If those ubiquitous TV infomercials are to be believed, a person’s age can be determined solely by outward signs, like wrinkled skin, gray hair, and yellow teeth. But according to a team of researchers at the Technion-Israel Institute of Technology and Stanford University, the state of a person’s immune system provides a far more accurate measurement of a person’s health than physical signs or even chronological age. The team has also developed a way to gauge “immune age,” which could bring about new frontiers in personalized medical treatment, drug and vaccine clinical development, and health management and insurance processes.

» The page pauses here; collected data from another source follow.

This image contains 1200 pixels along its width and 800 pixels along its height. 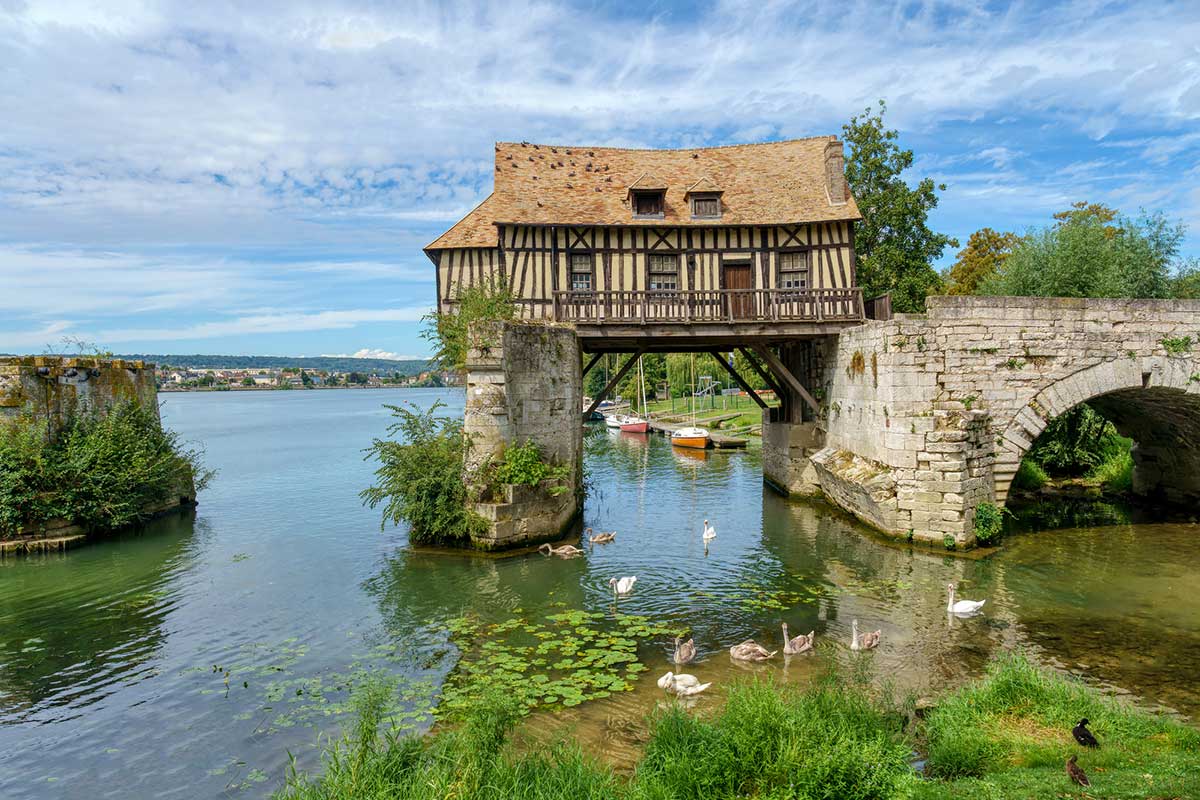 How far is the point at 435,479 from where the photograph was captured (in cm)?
1259

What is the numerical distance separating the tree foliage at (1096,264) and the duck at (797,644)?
15621mm

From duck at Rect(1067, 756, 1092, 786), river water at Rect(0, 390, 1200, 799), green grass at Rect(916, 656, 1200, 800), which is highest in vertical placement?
duck at Rect(1067, 756, 1092, 786)

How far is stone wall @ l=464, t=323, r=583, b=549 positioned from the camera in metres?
12.8

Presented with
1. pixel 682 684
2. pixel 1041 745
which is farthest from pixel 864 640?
pixel 1041 745

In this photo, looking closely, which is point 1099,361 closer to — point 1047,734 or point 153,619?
point 1047,734

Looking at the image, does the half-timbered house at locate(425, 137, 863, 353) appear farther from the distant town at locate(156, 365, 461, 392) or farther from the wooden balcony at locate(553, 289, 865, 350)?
the distant town at locate(156, 365, 461, 392)

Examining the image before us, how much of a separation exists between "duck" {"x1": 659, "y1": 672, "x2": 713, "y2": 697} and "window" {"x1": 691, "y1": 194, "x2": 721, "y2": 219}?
42.2ft

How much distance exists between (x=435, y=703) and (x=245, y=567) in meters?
7.47

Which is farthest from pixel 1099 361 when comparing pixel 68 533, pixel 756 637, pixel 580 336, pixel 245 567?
pixel 68 533

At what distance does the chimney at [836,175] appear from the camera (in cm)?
1745

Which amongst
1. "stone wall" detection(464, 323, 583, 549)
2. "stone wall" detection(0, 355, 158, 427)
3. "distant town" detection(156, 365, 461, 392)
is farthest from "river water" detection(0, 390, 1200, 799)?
"distant town" detection(156, 365, 461, 392)

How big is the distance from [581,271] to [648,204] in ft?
7.96

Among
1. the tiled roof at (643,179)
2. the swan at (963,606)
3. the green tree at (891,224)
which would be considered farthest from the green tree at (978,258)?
the swan at (963,606)

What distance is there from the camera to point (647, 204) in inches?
687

Over an individual’s life, the immune system declines in function, a process accompanied by an increase in inflammation. This ultimately leads to an inability to cope with infections and a higher risk of chronic diseases such as cancer and heart disease, the leading causes of death among older people. Due to the high complexity of the immune system, no real metric of immunological health exists in the clinic beyond the Complete Blood Count. This lab test, which has been in existence since 1957, enumerates the abundance of immune cells, but at a resolution too low to identify anything but extreme conditions.

Enter the new monitoring system developed by the Technion-Stanford team. Their study characterized annually, at high resolution and with thousands of different parameters, the immune systems of 135 healthy people at different ages over a period of nine years. The researchers collected rich longitudinal data that allowed for the capture a pattern of immune cellular changes occurring over time that are common to all adults, irrespective of individual differences between peoples’ immune systems.

“Individuals varied only at the rate their immune system changes, not in the actual pattern of change,” said Shai Shen-Orr, Associate Professor in the Technion’s Rappaport Faculty of Medicine and lead co-senior author of the study. “This allowed us to map a path of how the immune system ages and to quantify an individual’s immune age. Unlike your actual chronological age, the immune-age is intimately tied to the state of one’s immune system, the body’s chief sentinel. We can therefore capture medically relevant information using immune age that physicians would otherwise miss.”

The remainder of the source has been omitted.